Além disso, 7.922 pessoas se registraram como cultivadoras domésticas (que podem ter até seis plantas de maconha em casa) e há 145 clubes de associados (que podem ter até 45 membros e 99 plantas cada).
No entanto, apenas um em cada três consumidores no Uruguai obteve maconha no mercado regulamentado no ano passado, de acordo com um estudo oficial apresentado na quarta-feira (18).
Uma mudança importante ocorreu na origem da droga.
"Hoje, o principal fornecedor do mercado de maconha são os produtores locais, e não os traficantes", disse o sociólogo Marcos Baudean, professor da Universidade ORT em Montevidéu e membro do Monitor Cannabis, um projeto que avalia a regulamentação no âmbito da Universidade da República.
Mas ele alertou que a maioria desses produtores não possui um registro como o exigido por lei, o que significa que existe um fluxo oculto de maconha doméstica, além daquela de menor qualidade ilegalmente importada, consumida principalmente por pessoas de baixa renda.
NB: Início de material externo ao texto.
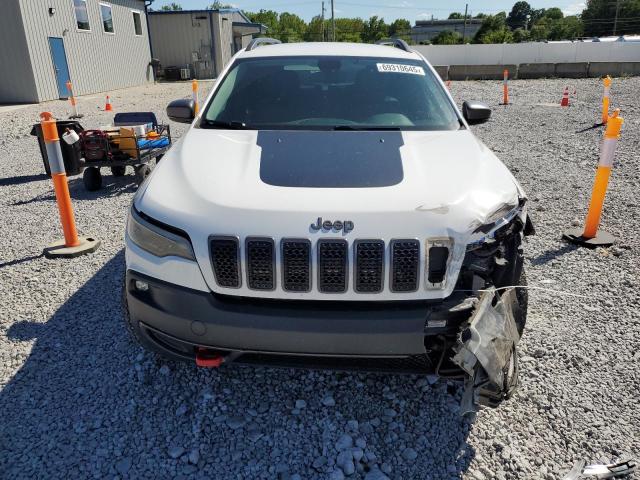 1C4PJMBX7KD200236 - 2019 JEEP CHEROKEE TRAILHAWK WHITE photo 5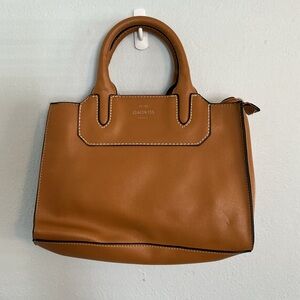 London Fog Woman’s Tan Handbag.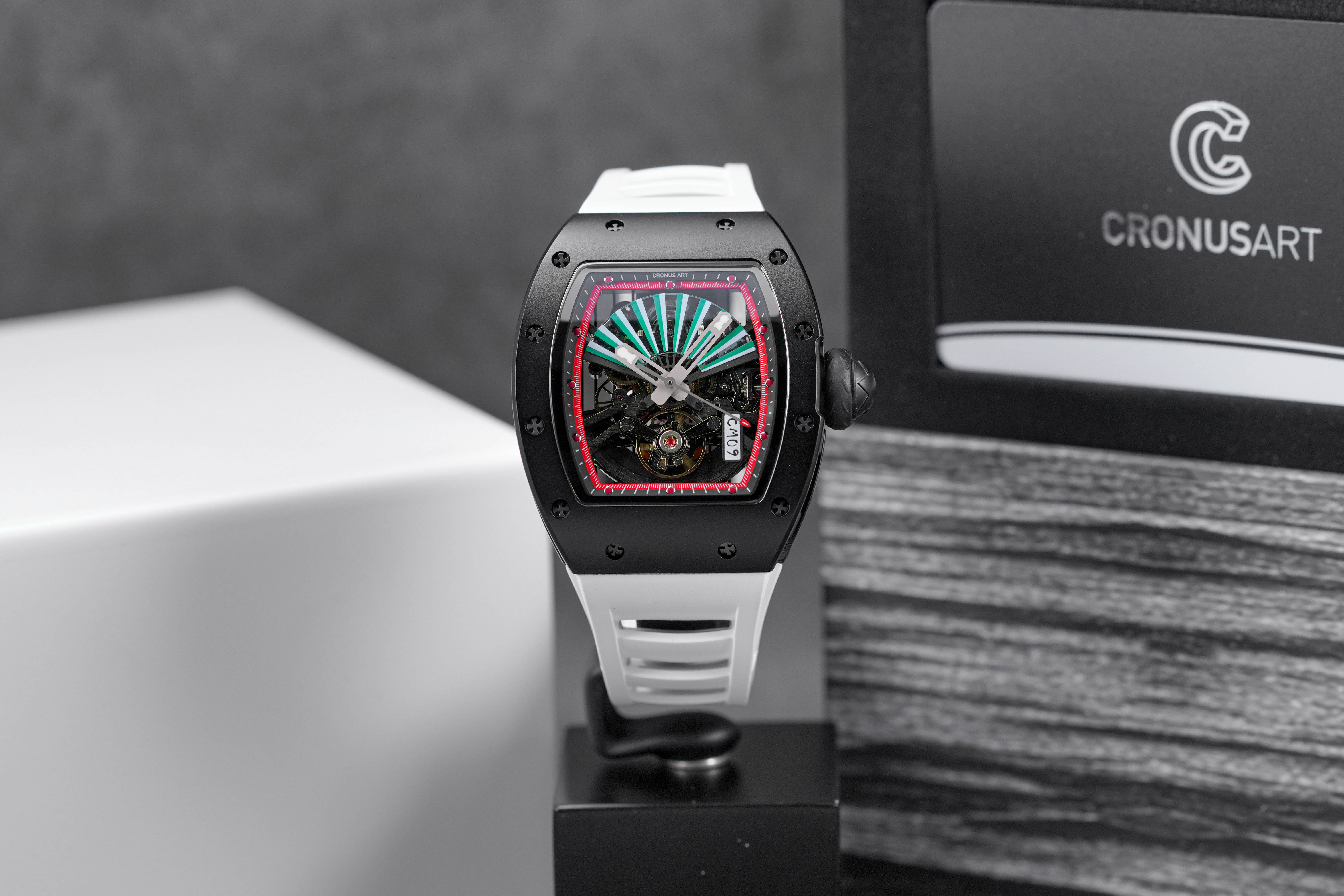 CRONUS ART FOLDING FAN BLACK CARBON – kronometry.id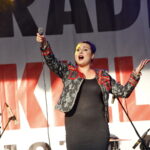 Koncertowe lato z Radiem Kielce. Koncert Edyty Strzyckiej w Parku Miejskim im. Stanisława Staszica w Kielcach . Na zdjęciu: Edyta Strzycka / Marzena Mąkosa / Radio Kielce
"Os cultivadores em geral plantam para si mesmos, podem crescer um pouco mais para vender, e grande parte deles compartilha seu produto com os outros. Foi isso que popularizou o consumo de buds (flores de maconha)", disse Baudean à BBC Mundo.
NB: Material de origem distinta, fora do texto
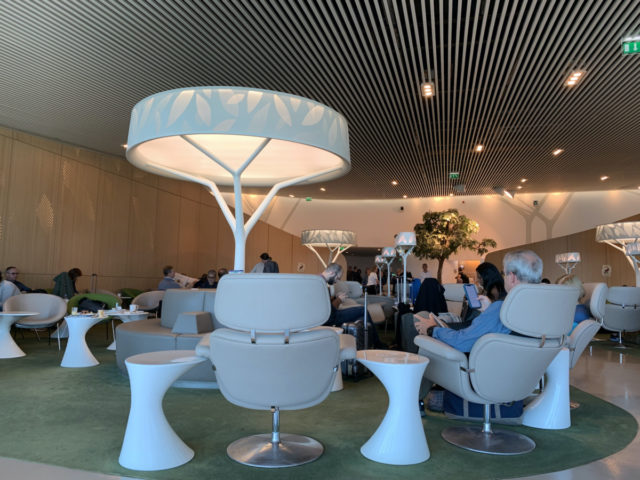 Review - Air France Salon Lounge Paris CDG Terminal 2E in Hall M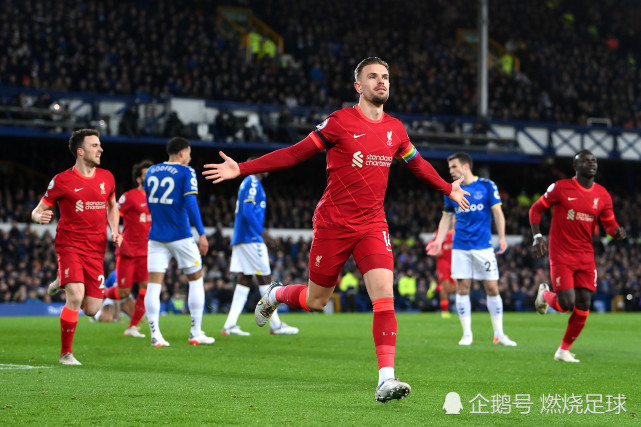 萨拉赫传射建功，利物浦轻取埃弗顿稳居前三  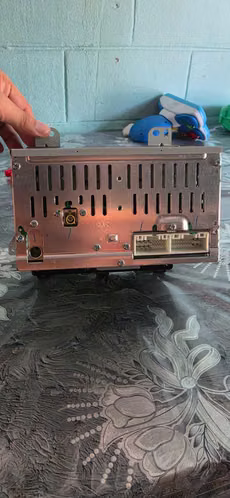 RADIO Y DISQUETERA ORIGINAL KIA FORTE 2018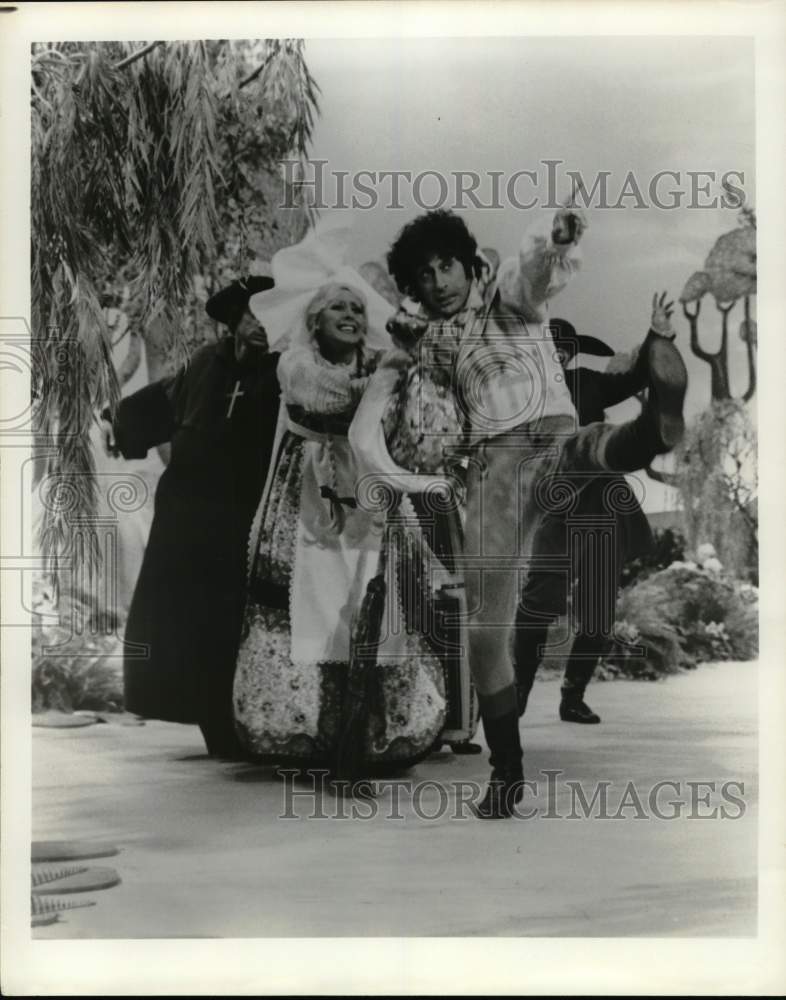 Press Photo Actor Paul Sand & Cast Perform Fantasy Scene - Historic Images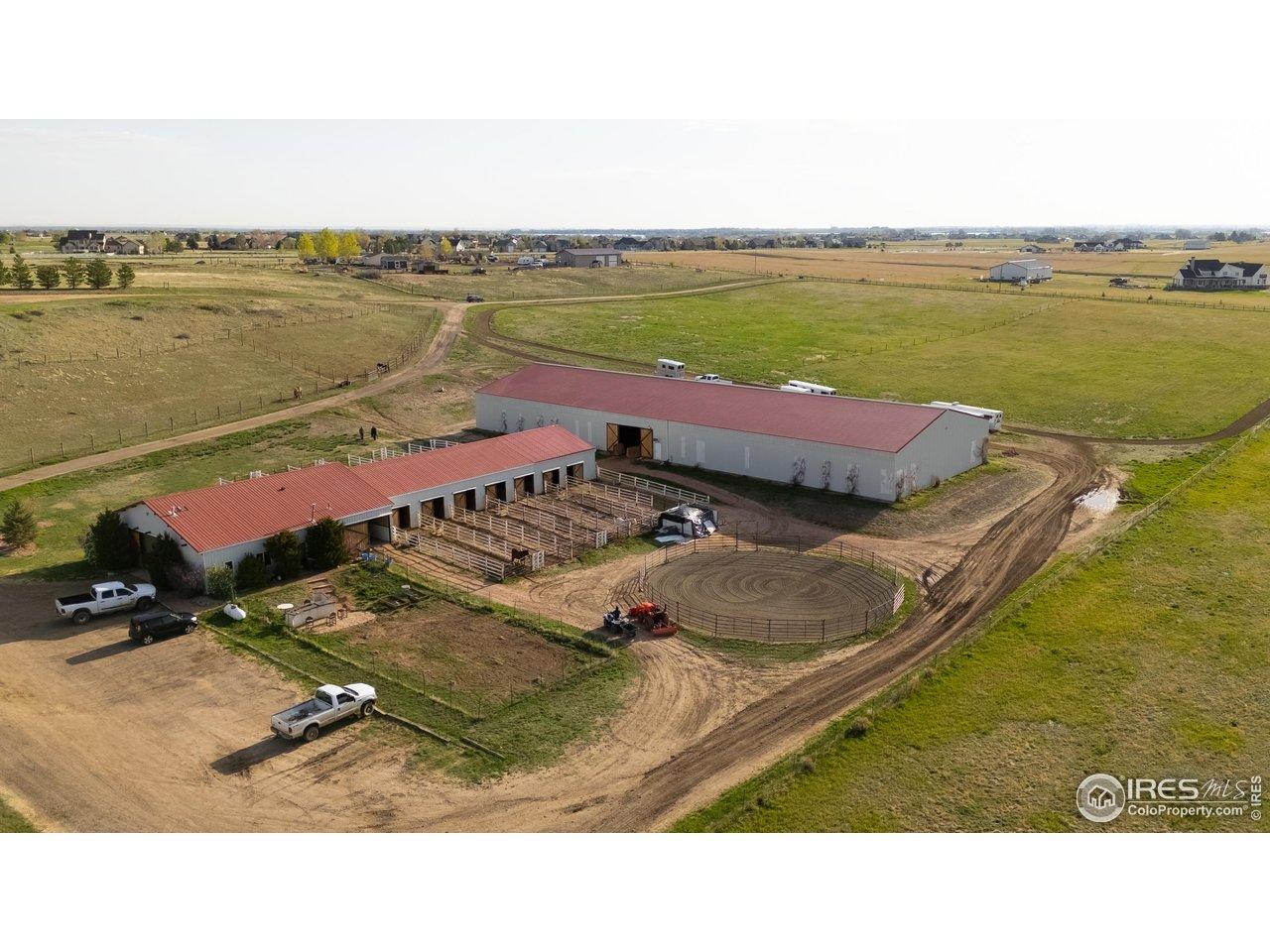 Image 3: Horse Barn, Indoor Arena, Round Pen Image 3: Horse Barn, Indoor Arena, Round Pen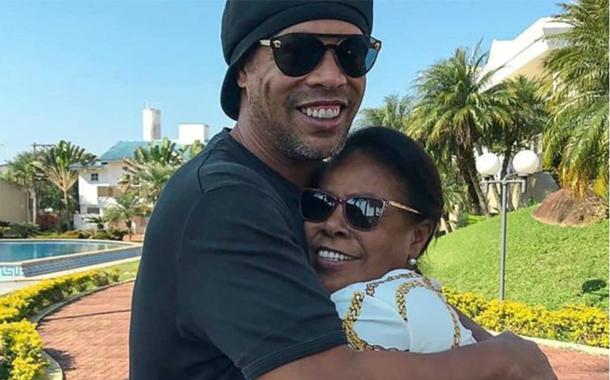 Ronaldinho Gaúcho e a mãe, Miguelina Elói Assis dos Santos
No centro de Montevidéu, em uma das lojas que surgiram na cidade para fornecer todos os tipos de produtos para o cultivo de maconha, o proprietário disse que muitos consumidores fogem do registro oficial por desconfiar do governo.
"O mercado ilegal tem mais acessibilidade, variedade" e existem "profissionais que preferem não se registrar", afirmou a mulher, que não quis ser identificada.
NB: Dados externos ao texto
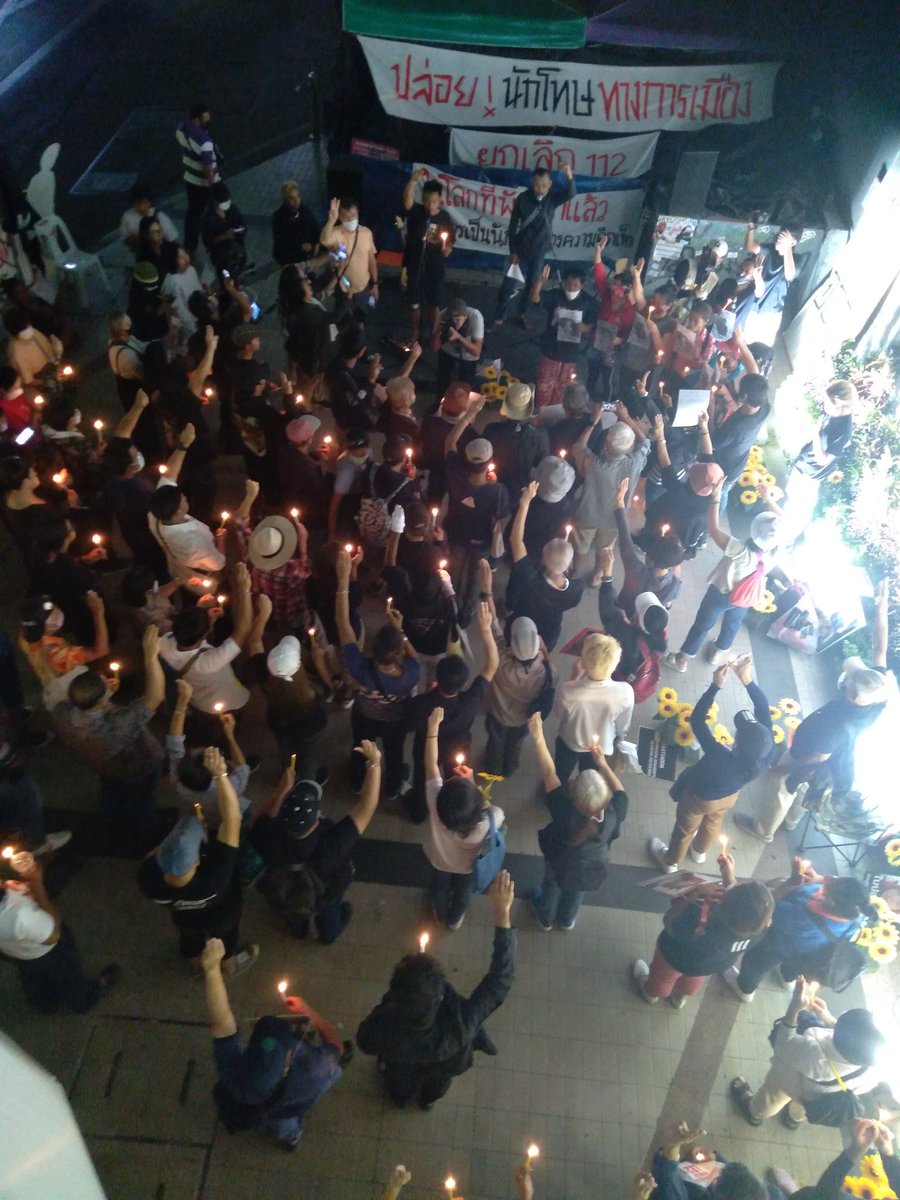 rukitweets's tweet photo. Health of Thai student activists (#Tantawan & #Orawan) on hunger strike worsens. Protests continue by other students echoing their demands
- free political prisoners
- reform justice system
- repeal laws criminalizing criticism of monarchy & dissent (#112 & #116)
- right to bail https://t.co/abt9zyntXd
Os dados apresentados pelo governo mostram um aumento na prevalência de uruguaios que consumiram maconha pelo menos uma vez no ano passado: de 9,3% em 2014 para 14,6% em 2018.
No entanto, Baudean afirmou que o volume de erva consumida cresce a uma taxa menor que o número de consumidores - em um mercado total de cerca de 40 toneladas ou US$ 45,5 milhões (R$ 185 milhões) por ano -, o que considerou positivo.
Ondas de cocaína e violência
A lei da maconha foi uma resposta do Uruguai aos crescentes desafios enfrentados pelo país com o narcotráfico, incluindo a violência associada ao consumo de drogas pesadas, como a pasta base de cocaína.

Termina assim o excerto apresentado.